To understand the significance of the pfam entropy score, view this Table with pre-computed Entropy Scores for a non-redundant set of microorganisms described in the original publication of MEBS
).Click a cycle to sort by lowest or highest scores. The file containing the normalized-scores for the same dataset are found in the data2vis/ directory
The entropy scores can be analyzed and visualizated as shown below.

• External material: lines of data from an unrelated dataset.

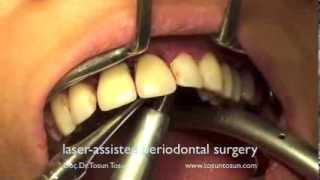 Laserassisted periodontal surgery [upl. by Woodie]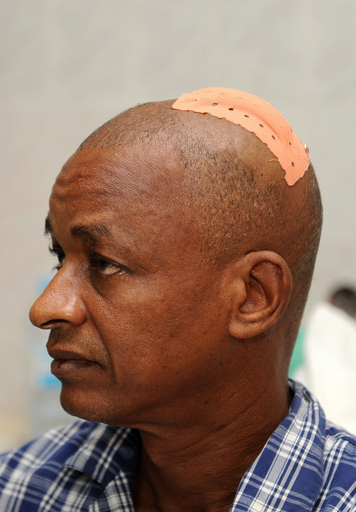 ギニア、軍による新たな発砲で3人が死亡 負傷者の拉致も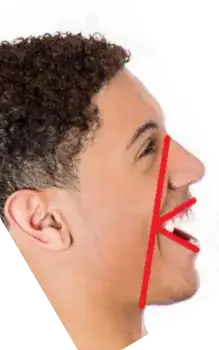 A side view of a face with a superimposed k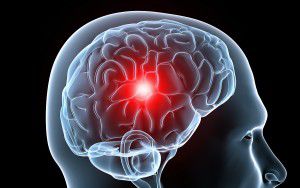 dolor_de_cabeza_cerebro
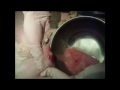 Cat Bite Abcess Drainage *Graphic*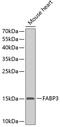 Fatty Acid Binding Protein 3 antibody, 13-329, ProSci, Western Blot image 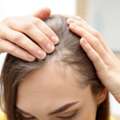 Looking For Effective Hair Loss Treatment Clinic In Noida?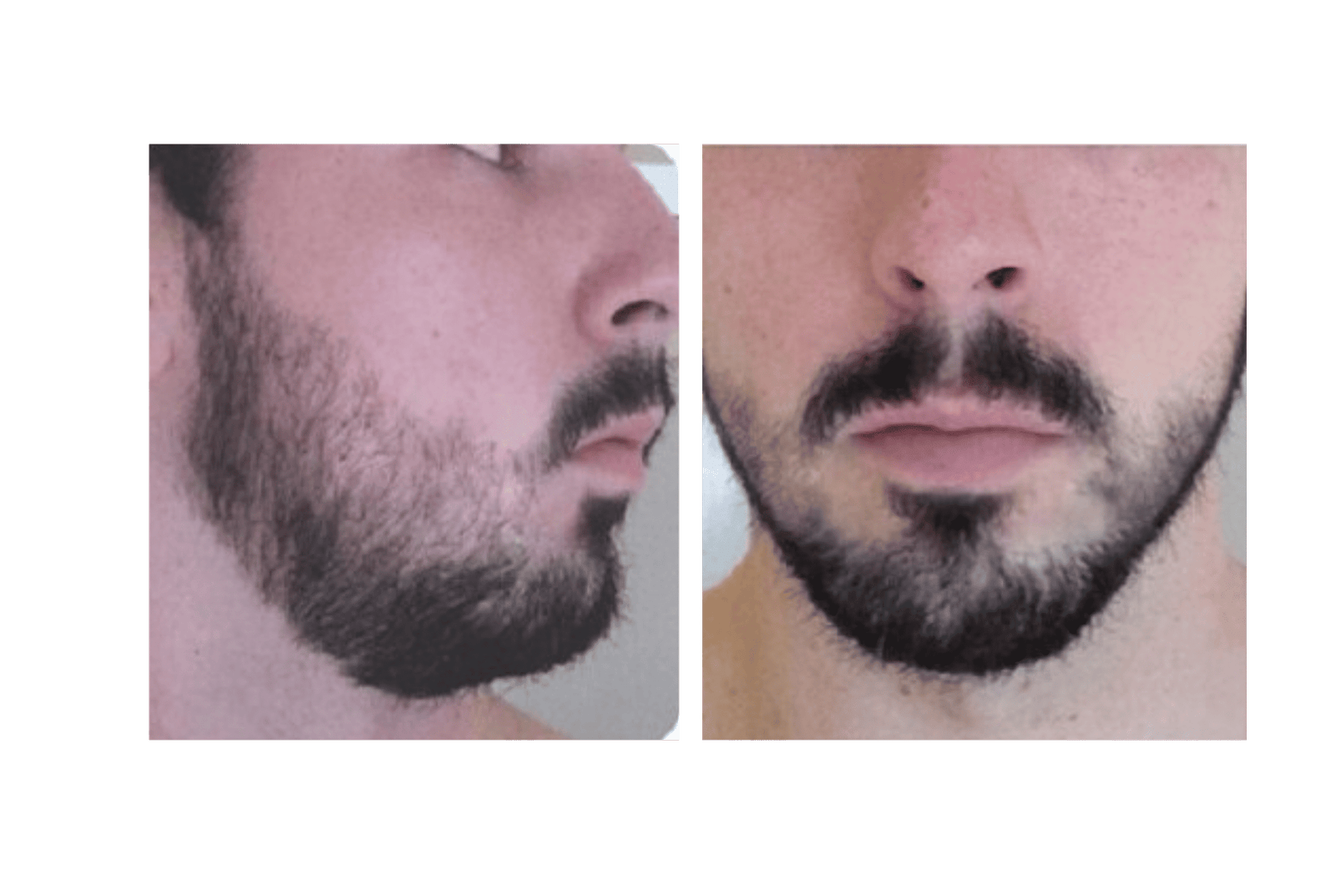 Barba Después de Minoxidil Kirkland - Mes 4 a 6 Argentina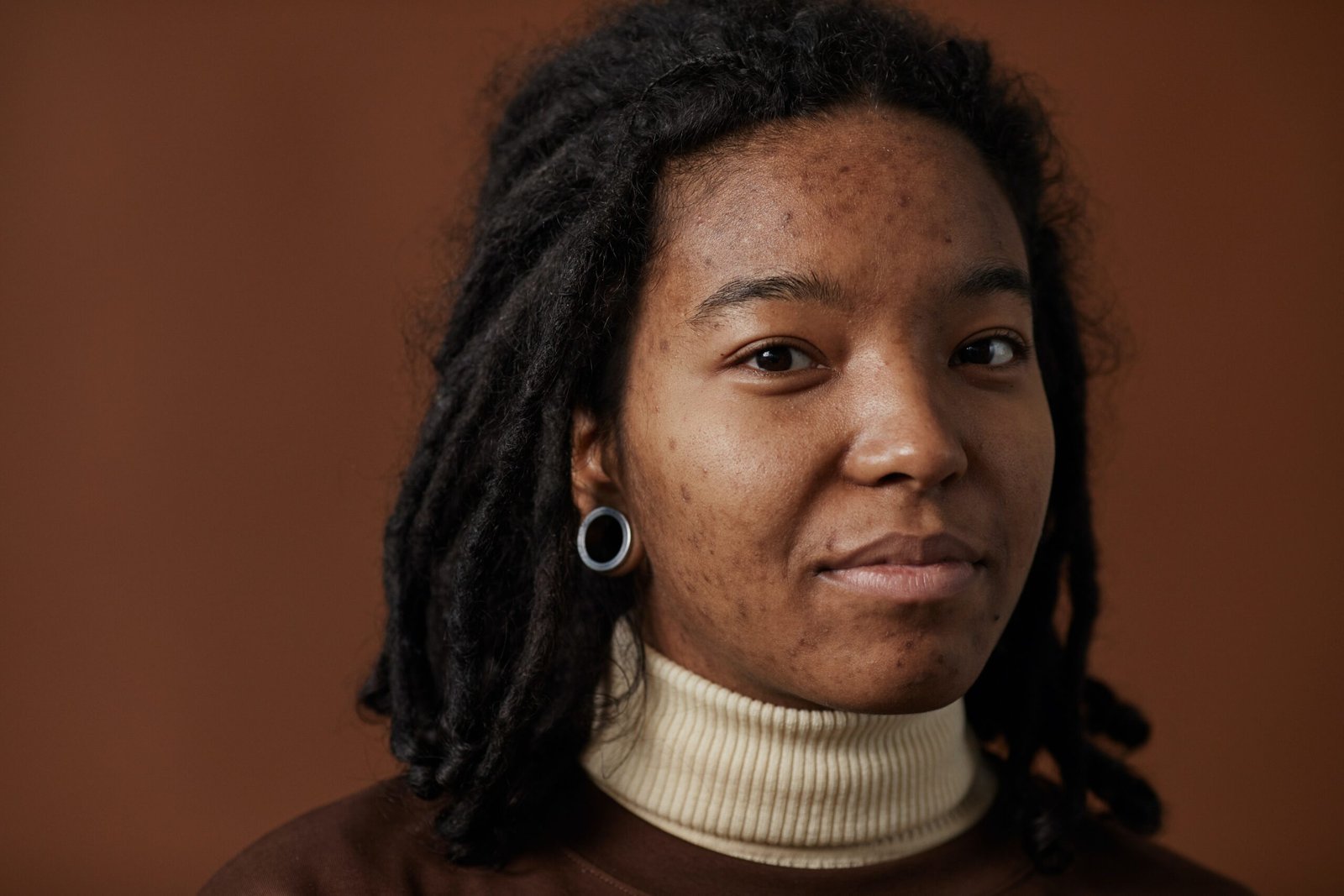 young lady with acne on face.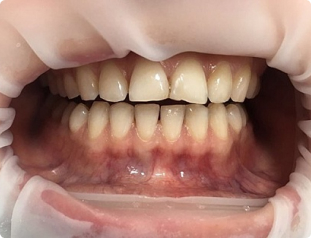 Отбеливание зубов по технологии Zoom 4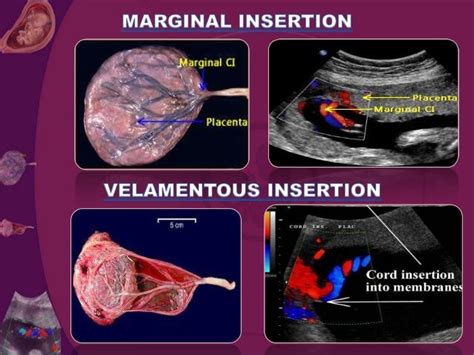 Umblical Cord Presentation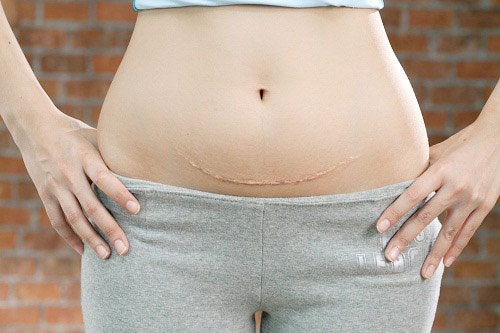 Mẹ làm những cách sau, vết sẹo mổ không còn lồi nữa mà còn đẹp như không nhé!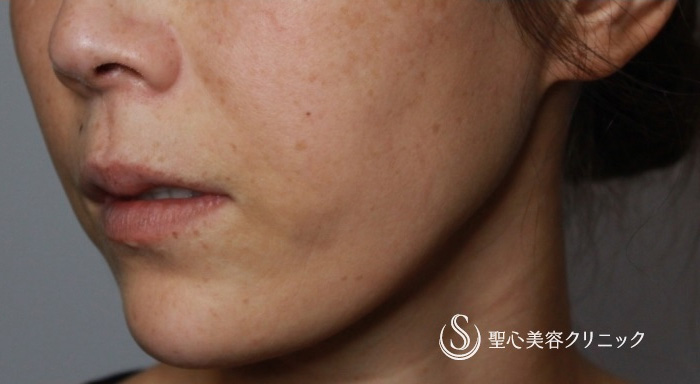 アンカーPlus_Before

Please go to the next module for visualization and parsing your results from mebs.pl
Figure 4. Visualization options for the entropy scores derived from mebs.pl main script
Running MEBS: Parsing and visualization
The mebs_vis.p script will use the output generated by mebs.pl and will generate an output directory containing several graphs and files for downstream analysis.
python3 mebs_vis.py -h
usage: mebs_vis.py [-h] [-o OUTDIR] [-im_format {png,pdf,ps,eps,svg,tif,jpg}]
[--im_res dpi]
filename
Parse mebs.pl output and creates several files and figures:
-File to map mebs normalized values to itol => itol_mebs.txt
-File with the metabolic completeness with names => input+completenes.tab
-File to be the output of F_MEBS_cluster.py -s none => input+2_cluster_mebs.txt
-Heatmap with normalized mebs values => inputmebs_heatmap.png
-Heatmap with metabolic completness of S and C => input+comp_heatmap.png
-Barplot with normalized mebs values => input+barplot.png
-Genomic completeness based on marker genes => input+genomic_completeness.tab
-Normalized mebs scores => input+norm_mebs.tab
positional arguments:
filename Input file derived from mebs.pl using -comp option.
optional arguments:
-h, --help show this help message and exit
-o OUTDIR, --outdir OUTDIR
Output folder [<filename>_mebs_vis]
-im_format {png,pdf,ps,eps,svg,tif,jpg}, -f {png,pdf,ps,eps,svg,tif,jpg}
Output format for images [png].
--im_res dpi, -r dpi Output resolution for images in dot per inch (dpi)
[dpi].
Example:
$ python3 mebs_vis.py gen_test.tsv
The easiest way to run the script is the following:
python3 mebs_vis.py gen_test.tsv
This will generate the following output
[OUTPUT] Output not specified.
[OUTPUT] Storing result in : gen_test.tsv_mebs_vis
[OUTPUT] ... gen_test.tsv_mebs_vis -> does not exists: creating
No handles with labels found to put in legend.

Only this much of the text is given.